After observed record-breaking temperature rise and melting records for the year 2015 in northwest Greenland, recent studies show the very first evidence linking the melting in Greenland to the expected effects and the confirmation of the phenomenon called the Arctic amplification.

 A recent study published in Nature Communications reveals that the 2015 meting and temperature rise record in Greenland was the result of the phenomenon called the Arctic amplification.

This phenomenon describes the faster warming of the Artic in comparison to the rest of the Northern Hemisphere while sea ice continues to disappear. Due to increasing global temperatures, Arctic sea ice melts to dark open water, which absorbs solar radiation faster than the rest of the globe and would eventually warm the Artic more.

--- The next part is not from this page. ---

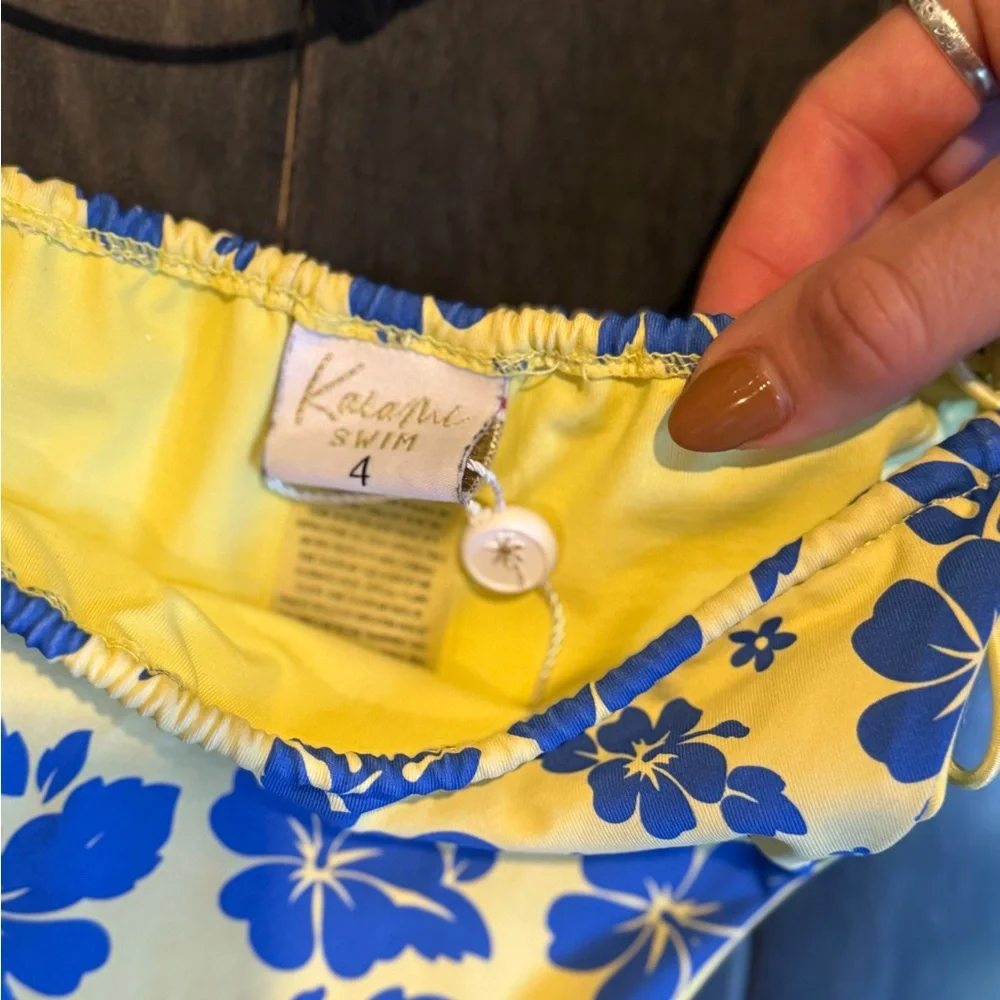 Bikini - Picture 3 of 4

Arctic amplification, though well-documented, is continually being challenged and disputed by scientists, and this discovery supports the theory of the phenomenon. A branch of this theory implies that the decreasing difference in temperature between the mid-latitudes and the Arctic will eventually lead to the decelerating of the jet stream that encircles the northern latitudes. This jet stream normally separates ice-cold polar air from the warmer, Southern air. The interruption of the jet stream, such as that seen on the coast of Greenland, would then allow moist, warmer air to seep farther north, warming up the Earth.

The interruption of the jet stream in Greenland is so vital and alarming to the scientists involved in climate change and sea level rise monitoring because of the massiveness of the Greenland ice sheet. If this ice sheet, the second largest of the world next to Antartica, were to melt, global sea level would rise up to seven meters. It is, therefore, vital for the researchers on sea level rise to understand the factors of the melting ice, the rapidness and extent to how much sea level would rise in the future and how the freshwater run-off from Greenland's melting ice caps would affect ocean ecology and circulation.

Whether the patterns observed in the previous year will continue on remains unknown. According to the study's lead author Marco Tedesco, scientist at NASA Goddard Institute for Space Studies and research professor at Columbia University's Lamont-Doherty Earth Observatory, the conditions observed in the past "are not necessarily those of the future. We are going into uncharted territory if humans change the forcing."